Continuing from the previous sections we use a simple Gaussian model as an example. The following R code is the contents of the R file gaussian_model.R:

simple_gaussian <- function(mu, sigma, k = 1){
	output <- rnorm(k, mu, sigma)
	return(output)
}

More complex R models are incorporated in the same way. To include this function within ABCpy we include the following code at the beginning of our Python file:


import rpy2.robjects as robjects
import rpy2.robjects.numpy2ri
rpy2.robjects.numpy2ri.activate()

robjects.r('''
       source('gaussian_model.R')
''')

r_simple_gaussian = robjects.globalenv['simple_gaussian']

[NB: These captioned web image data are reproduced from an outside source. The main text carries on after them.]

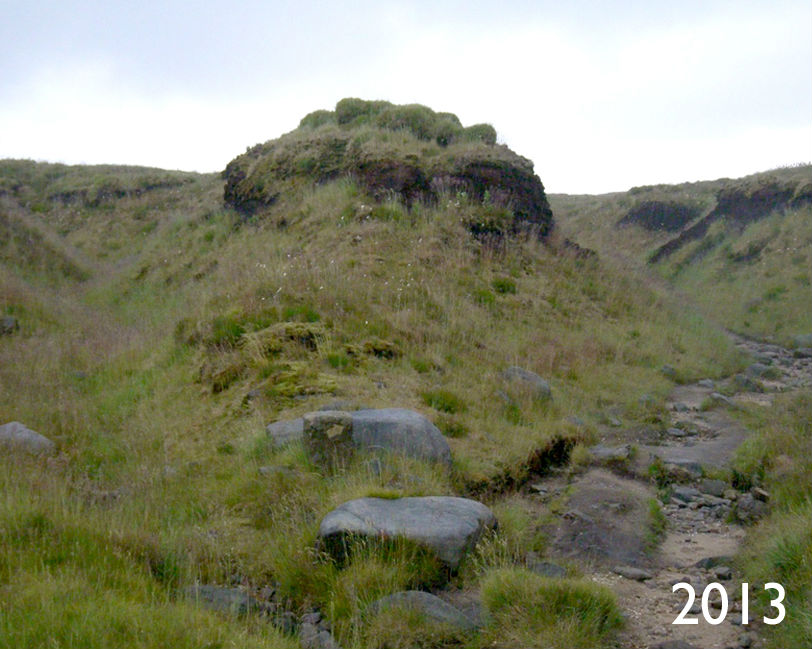 Hearn Clough in 2013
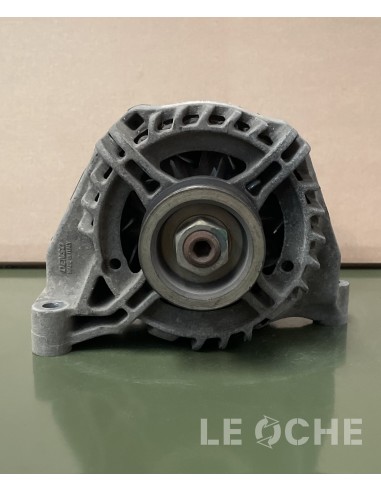 Coperchio e puleggia dell'alternatore usato per Lancia Y
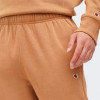 Champion Коричневі чоловічі спортивнi штани  rib cuff pants cha220299-TBO M коричневий - зображення 4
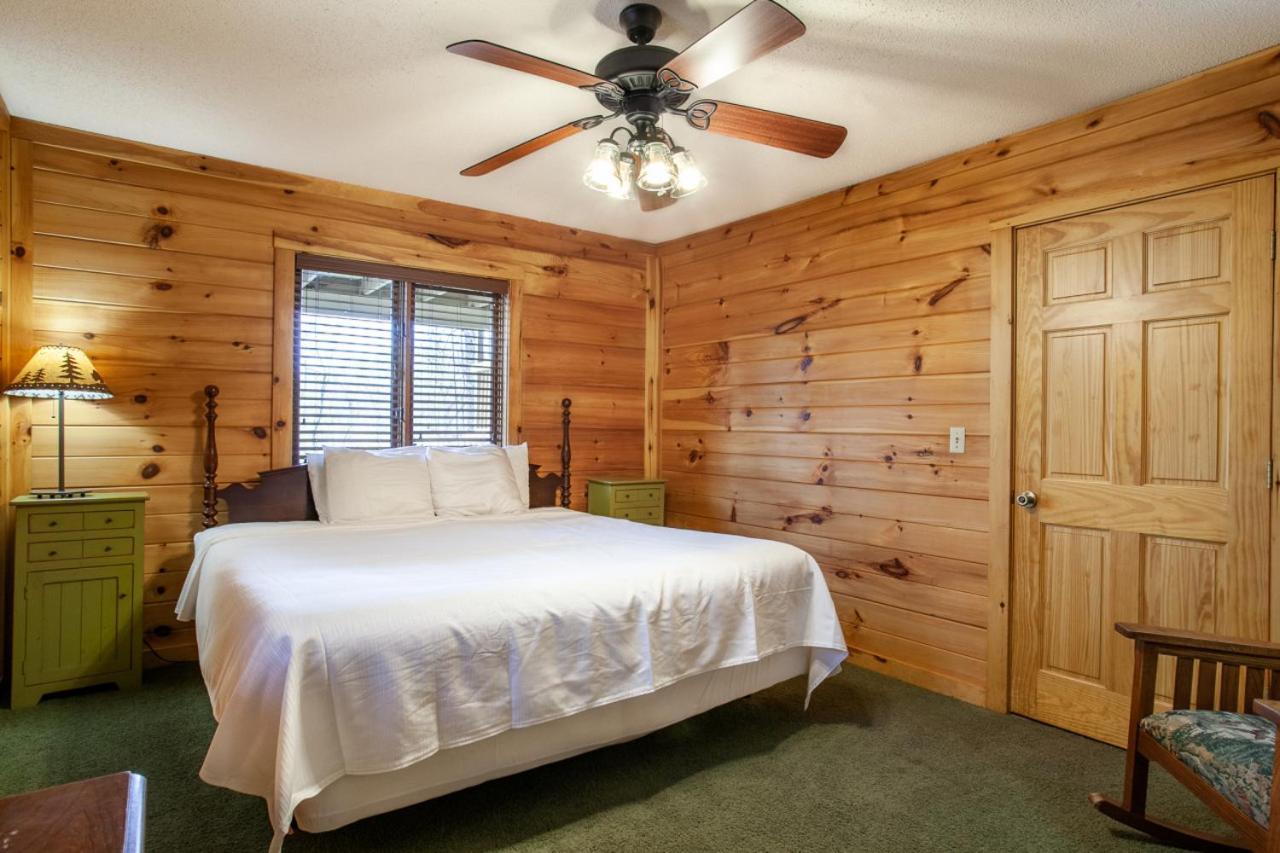 Bear Crossing Mtn View Game Room Gatlinburg Exterior foto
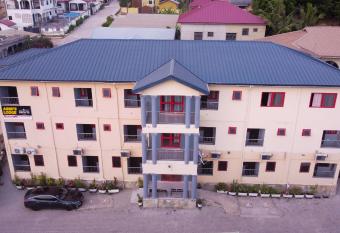 Asibi s Lodge has Balcony rooms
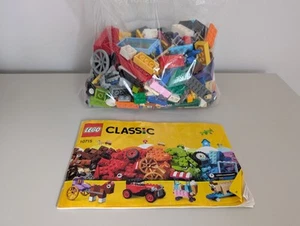 Lego Classic 10715 Ladrillos en un rollo completo con instrucciones 2018 - Imagen 1 de 4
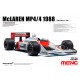 1/12 McLaren MP4/4 1988 F1 Racing Car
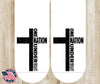 One Nation - Multi by Carolina Country Bling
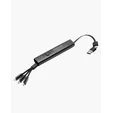 Prime Line 5-in-1 Charging Cable with Aluminum Housing — view 4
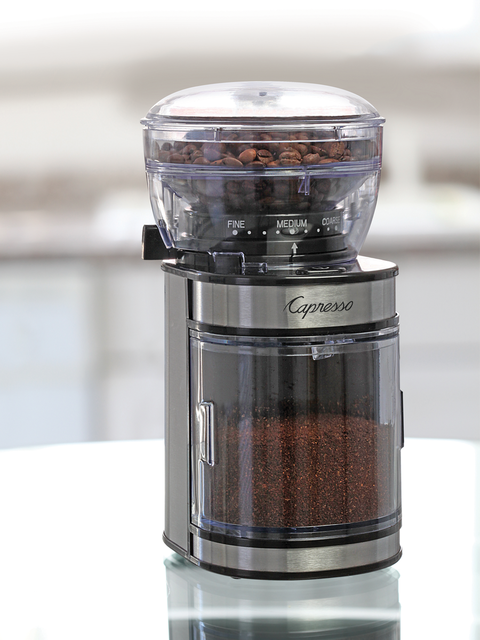 Capresso Ceramic Burr Grinder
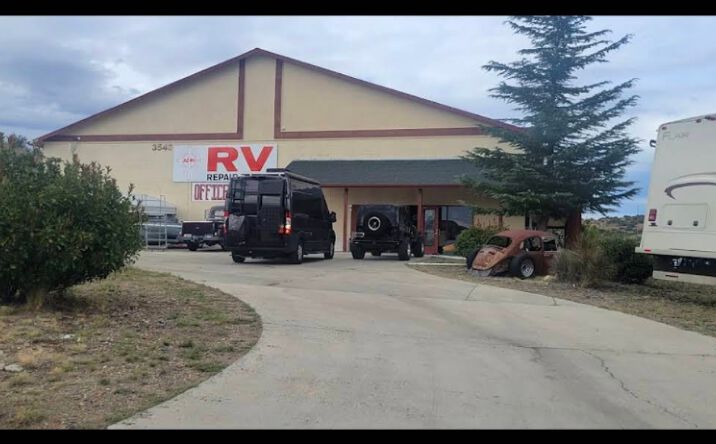 Pictures of Industrial property located at 3546 South Highway 69, Dewey-Humboldt, AZ 86327 for lease - image #1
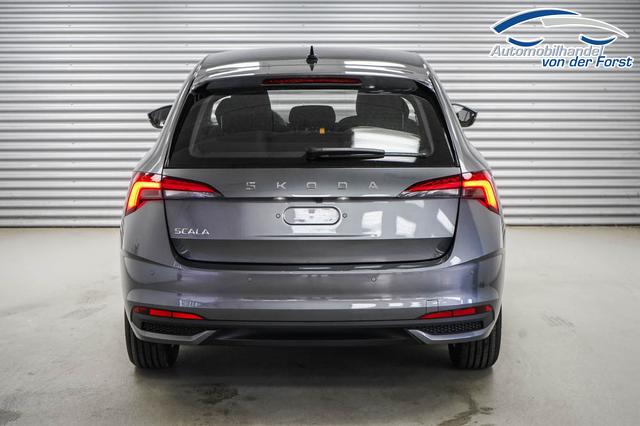 Skoda Scala Scala 1,0 TSI DSG Selection - LAGER 
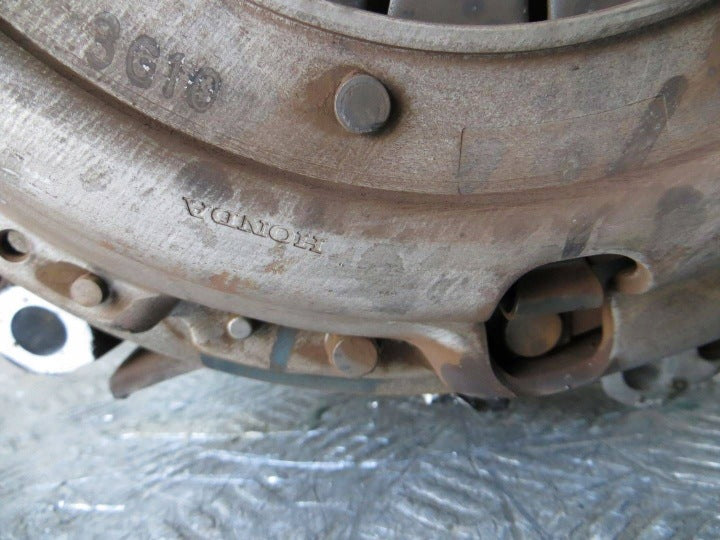 Motor Honda Cr-V IV R20A9 2.0 155PS 114kW 2014 Benzin Engine Unkomplett MOT6686128104ns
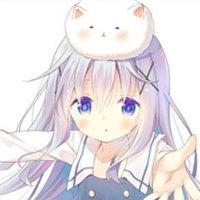 动漫情侣头像手控比心【点击鼠标右键下载】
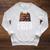 If Found Please Return To The Library Bookish Book Lover Raglan Sleeve Sweatshirt Heather Mustard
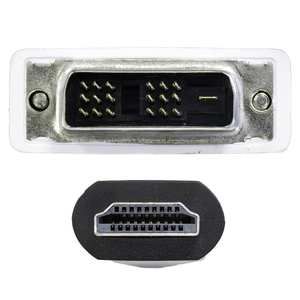 Convertidor de Señal de Video HD HDMI 2.0 a DVI, Nuevo Transmisor de Video HDMI Tipo A a DVI (18+1) con 12 Meses de Garantía - Product Image 4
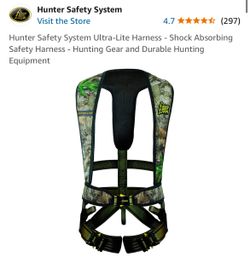 Hunting safety Harness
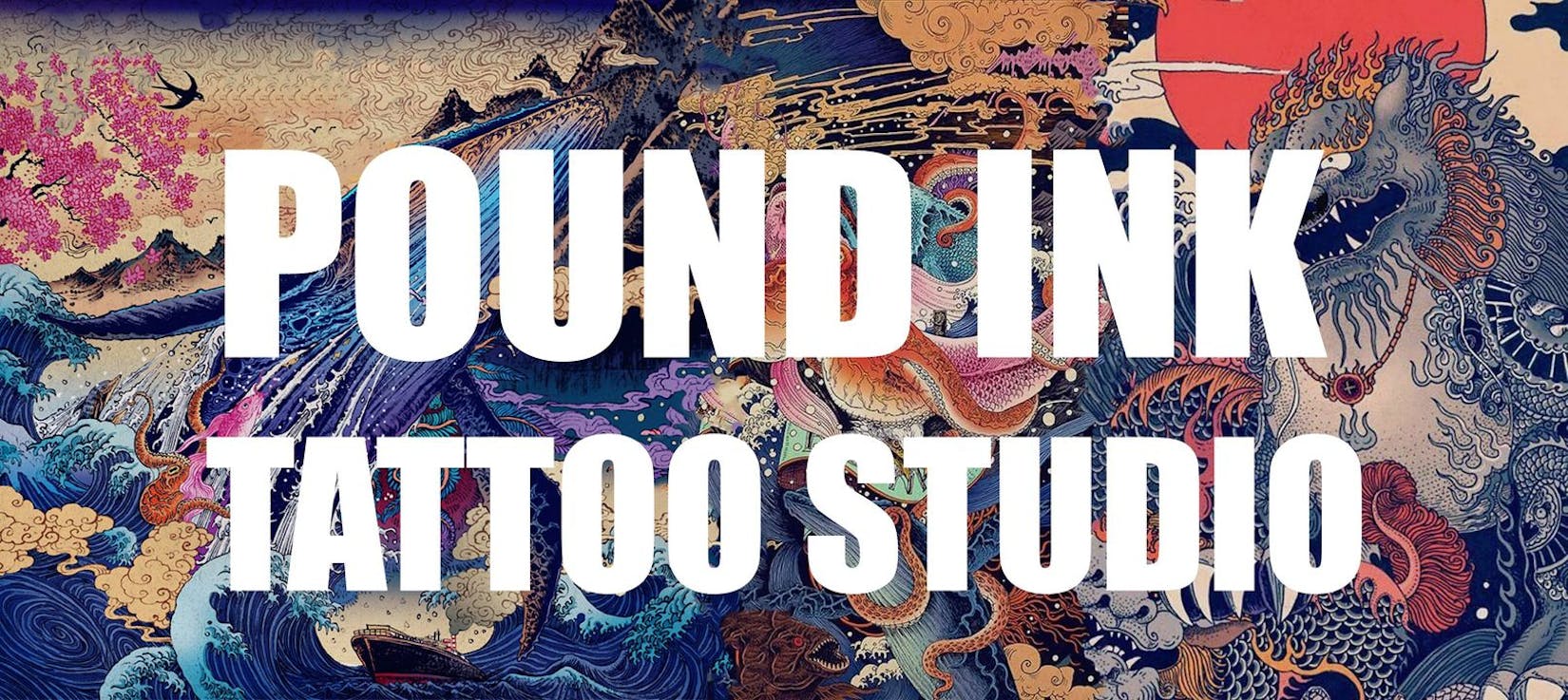 Pound Ink | Beauty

This imports the R function simple_gaussian into the Python environment. We need to build our own model to incorporate this R function as in the previous section. The only difference is the simulate method of the class `Gaussian’.

    def simulate(self, k):
        output = list(r_simple_gaussian(self.mu, self.sigma, k))
        return output

The default output for R functions in Python is a float vector. This must be converted into a Python list for the purposes of ABCpy.